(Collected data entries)

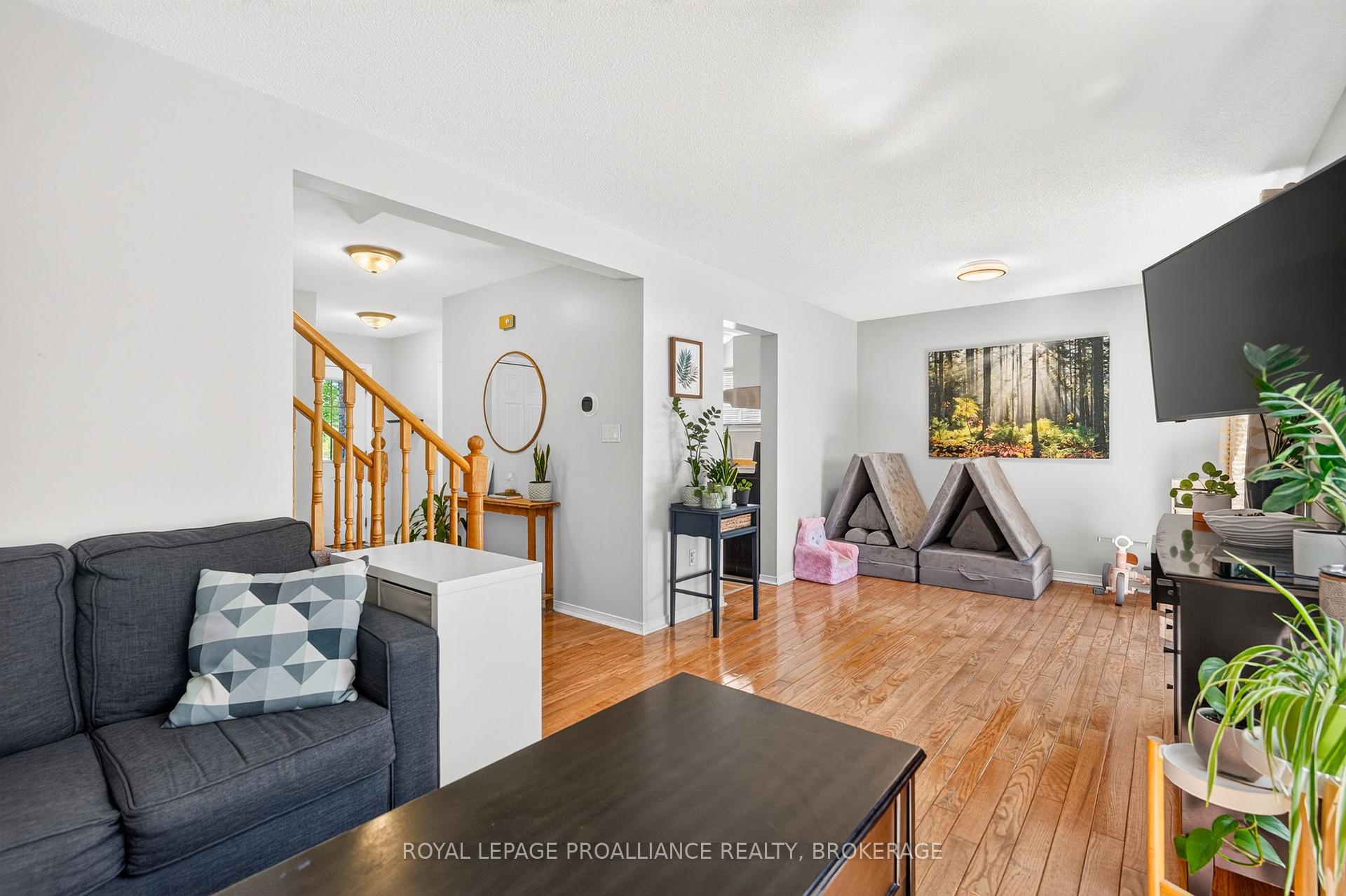 Photo 15 of 1067 Acadia Drive, Kingston, City SouthWest — HOMEH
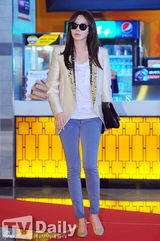 组图：少时Tiffany韩彩英等助阵车艺莲新片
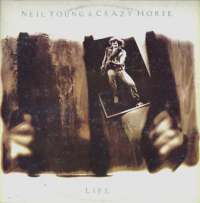 Gramofonska ploča Neil Young & Crazy Horse Life LSGEFF 71025, stanje ploče je 10/10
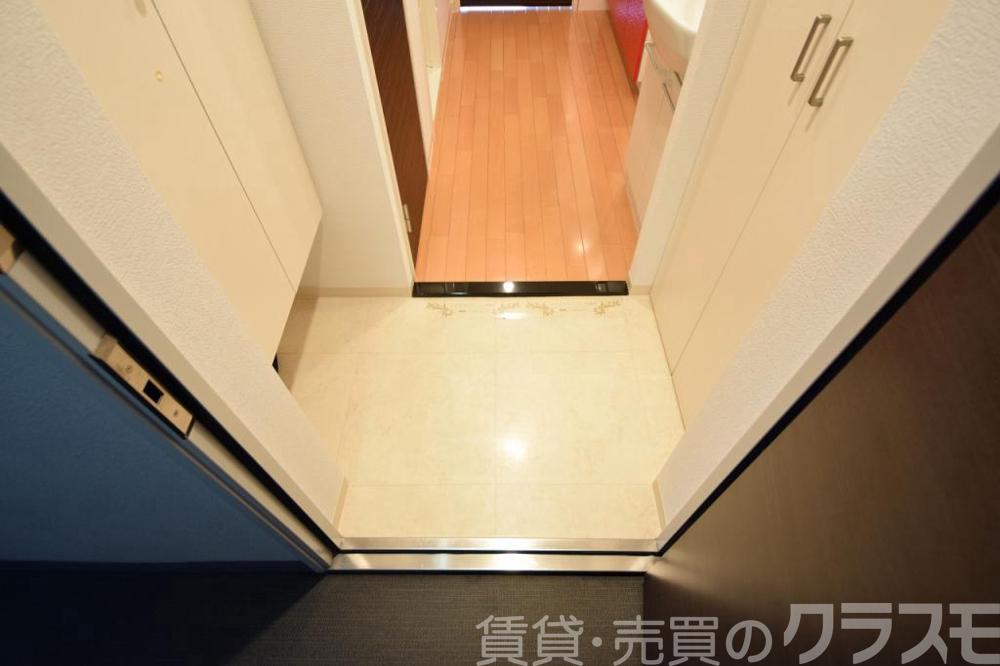 18/30 玄関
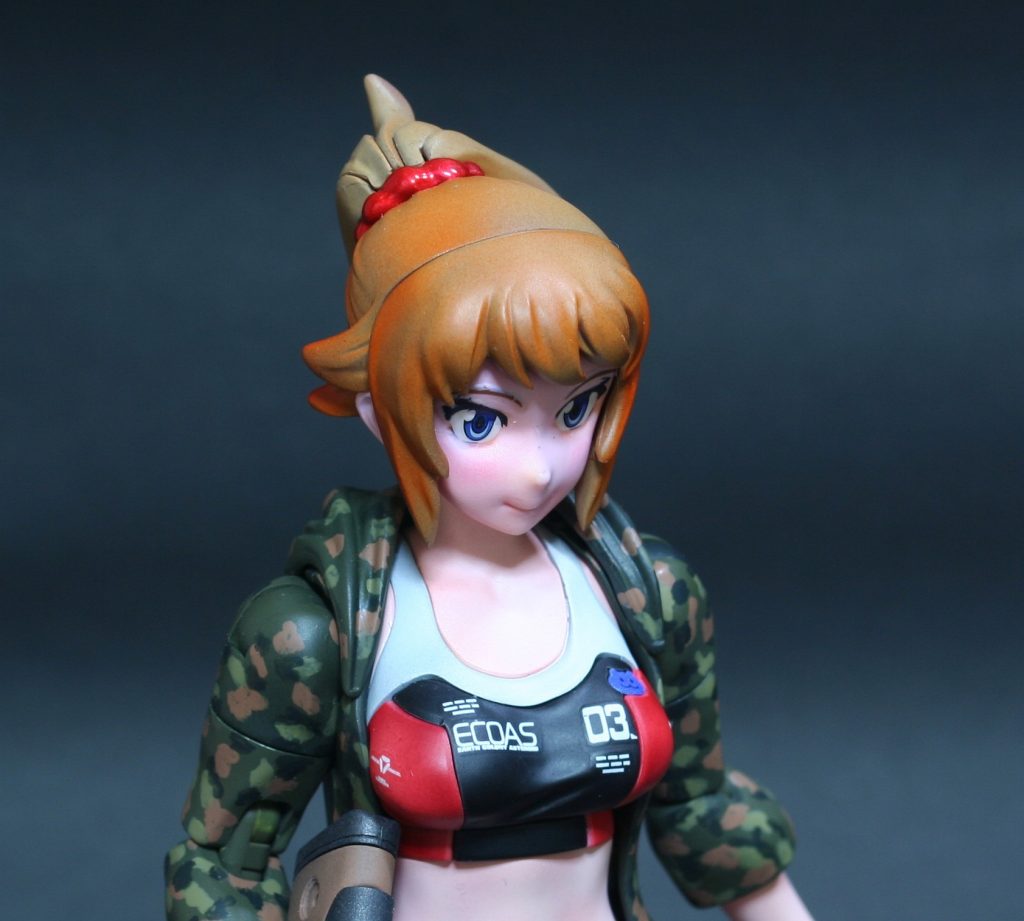 陸上自衛隊っぽい迷彩柄です。オリーブドラブをエアブラシ塗装してから、はるか昔に調合した茶色、暗緑色、ライトグリーンを筆塗りで塗装しました。パーカーは装着状態固定で制作しました。このキット、パーカーの厚みの分だけ肩のジョイントが長く、脱がせると肩幅の広さが目立つんだと思います。パーカーありだと違和感はかなり緩和されます。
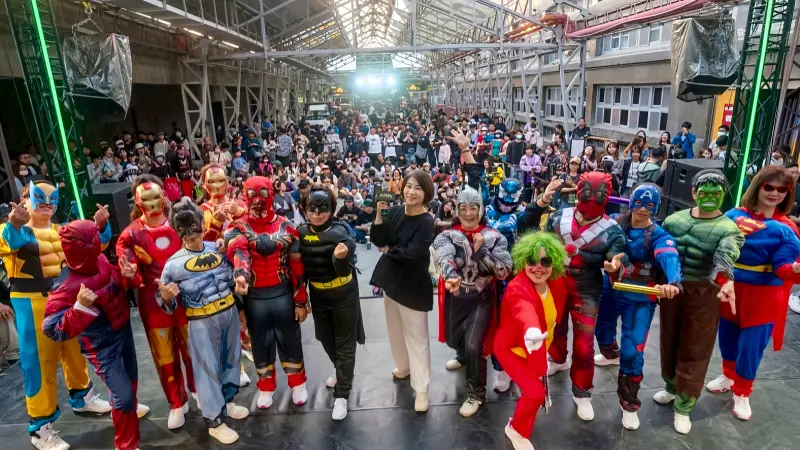 ▲縣長周春米與青銀共創的街舞團隊「屏東勝利社區」大合影。（圖／屏東縣府提供）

● What you should do
Please print each of the records word for word, keeping the pictures out.

● Response to this exercise
 Photo 15 of 1067 Acadia Drive, Kingston, City SouthWest — HOMEH
 组图：少时Tiffany韩彩英等助阵车艺莲新片
 Gramofonska ploča Neil Young & Crazy Horse Life LSGEFF 71025, stanje ploče je 10/10
 18/30 玄関
 陸上自衛隊っぽい迷彩柄です。オリーブドラブをエアブラシ塗装してから、はるか昔に調合した茶色、暗緑色、ライトグリーンを筆塗りで塗装しました。パーカーは装着状態固定で制作しました。このキット、パーカーの厚みの分だけ肩のジョイントが長く、脱がせると肩幅の広さが目立つんだと思います。パーカーありだと違和感はかなり緩和されます。
 ▲縣長周春米與青銀共創的街舞團隊「屏東勝利社區」大合影。（圖／屏東縣府提供）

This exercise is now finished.